AI is terrifying, but not for the reasons you think!
The robots are going to take over. That's the fear, isn't it? With the evolution of artificial intelligence moving at an almost incomprehensibly fast pace, it's easy to understand why we get preoccupied with this idea. Everywhere we turn, there are headlines about AI stealing human jobs. Goldman Sachs even published a report last year saying that AI could replace the equivalent of 300 million full-time jobs. Generative AI is more accessible than ever, and workers are anxious.
A Price Waterhouse Cooper survey from May 2022 found that almost one-third of respondents were worried about their employment roles being replaced by technology in the next three years. Creatives worldwide are fearful that art, as we know it, faces an existential threat with the proliferation of AI. For the first time, we’re seriously asking whether human authenticity is a necessary part of the world anymore.

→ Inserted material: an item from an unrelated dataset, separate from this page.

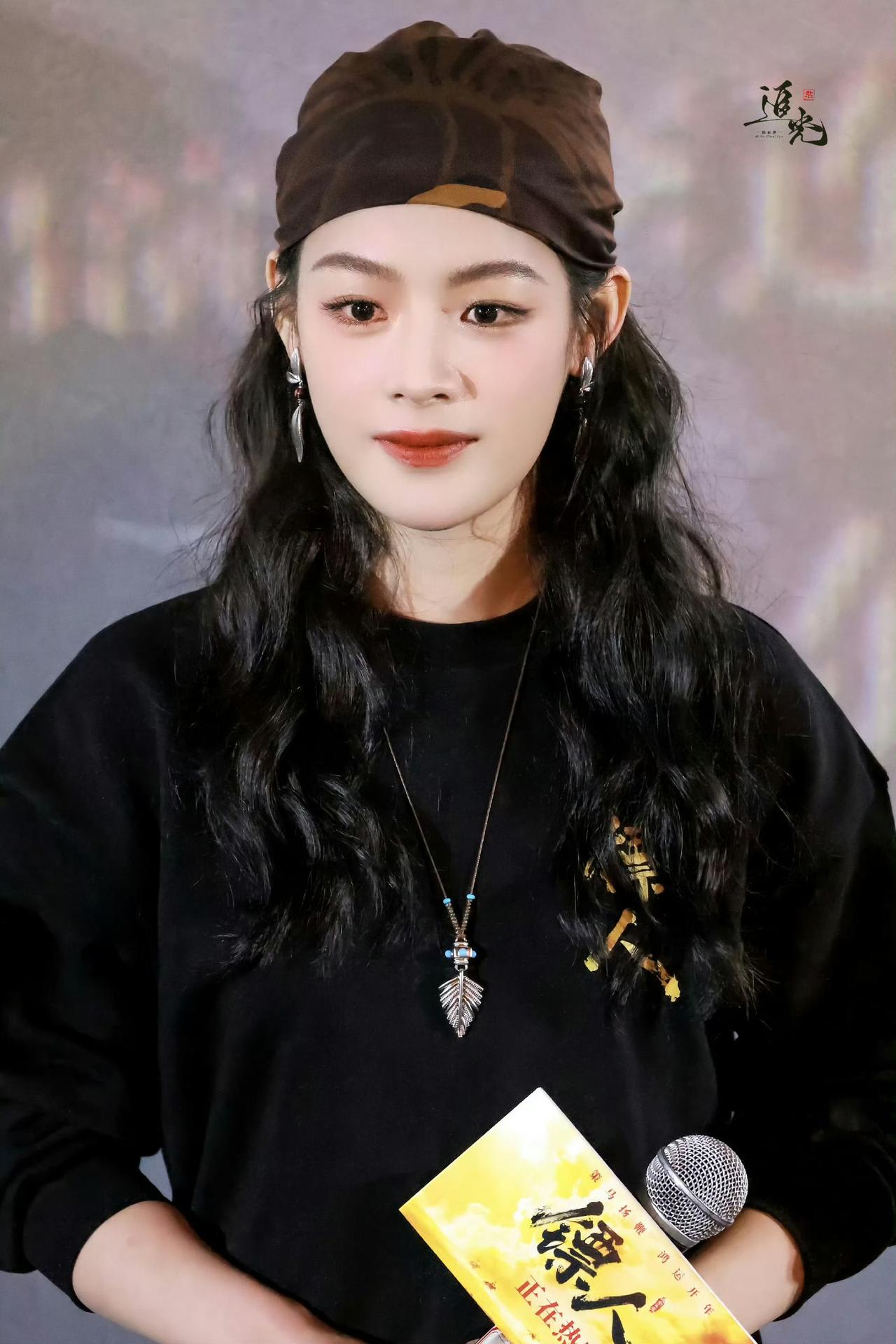 陈丽君《镖人》路演造型封神！包头巾+卫衣，直接把阿育娅从漫画里穿出来了
 
陈丽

Of course, the worst fear is that artificial intelligence will reach a point of self-improvement so advanced that it will become uncontrollable. If the AI can teach itself and achieve superior intelligence to us mere mortals, what will become of our future? These doomsday scenarios are an important part of the conversation. The truth is nobody knows what will happen in 10 or 20 years, let alone 10 and 20 minutes. We can try to predict the path that AI will take, but two short years ago, we were all playing around with the first public release of ChatGPT, completely enthralled with its mere existence. Now it's just a regular part of many people's lives.

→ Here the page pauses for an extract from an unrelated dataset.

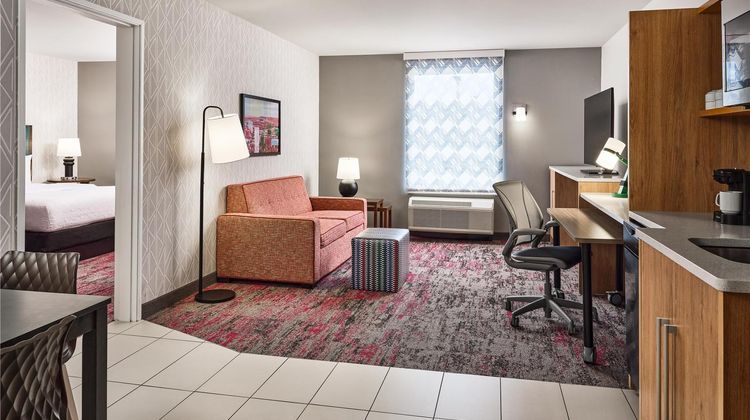 Home2 Suites by Hilton Rapid City Room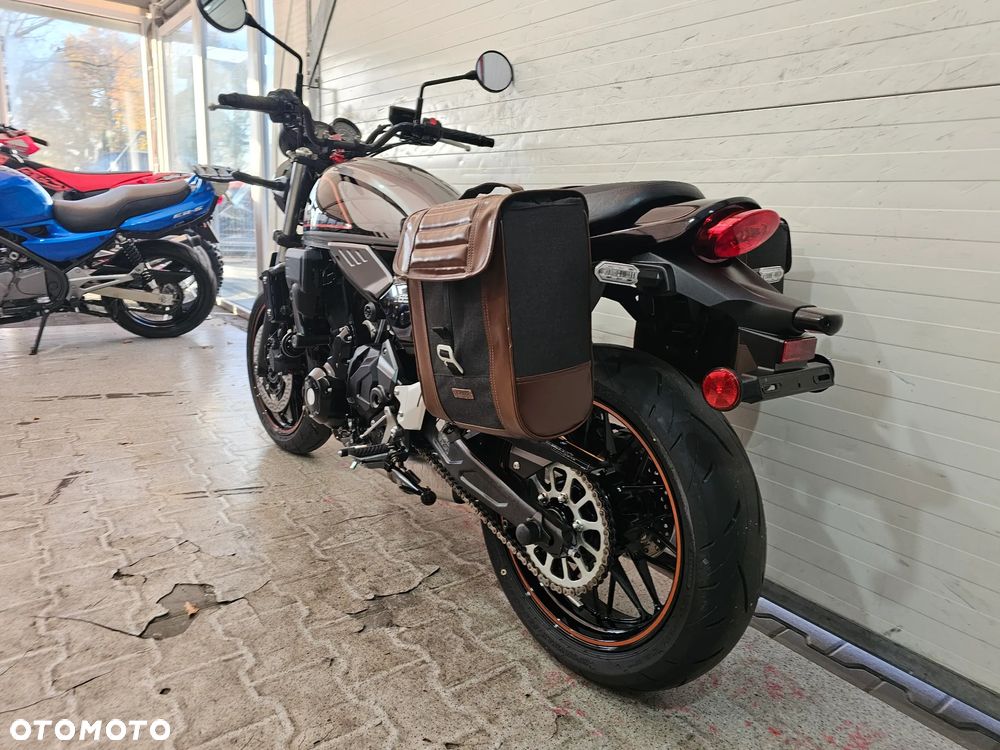 Kawasaki Z 650 RS - 17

Besides, we don't need to preoccupy ourselves with being controlled by robots; there's plenty happening right now that should raise some red flags. Generally speaking, we think advanced technology is synonymous with sustainability, but that's not often the case. There are always trade-offs. The hope is that the technology is beneficial enough to society and the environment that the trade-offs are worth it. It might feel like AI exists out there in the cloud, pinging our computers and phones when we need it, and it's not wrong. However, as we all know, the cloud isn't just floating up in the sky. AI's cloud is built of metal and silicon. It's powered by energy, and every AI query that comes through is a cost to the planet.
A team of 1,000 researchers joined together to try and address this growing concern. They created an AI model called Bloom, which stands for Biologically Localized and Online One-Shot Multitask Learning, that emphasizes ethics, transparency, and consent. They discovered that training this environmentally friendly model used as much energy as 30 homes in one year and emitted 20 tons of carbon dioxide. In comparison to a behemoth like ChatGPT, Bloom is small potatoes. So, AI researchers assume that bigger models like GPT use at least 20 times more energy. The exact number remains a mystery, though, because tech companies aren't required to disclose information on energy consumption. Not to mention that the current trend in AI follows the rule of "bigger is better."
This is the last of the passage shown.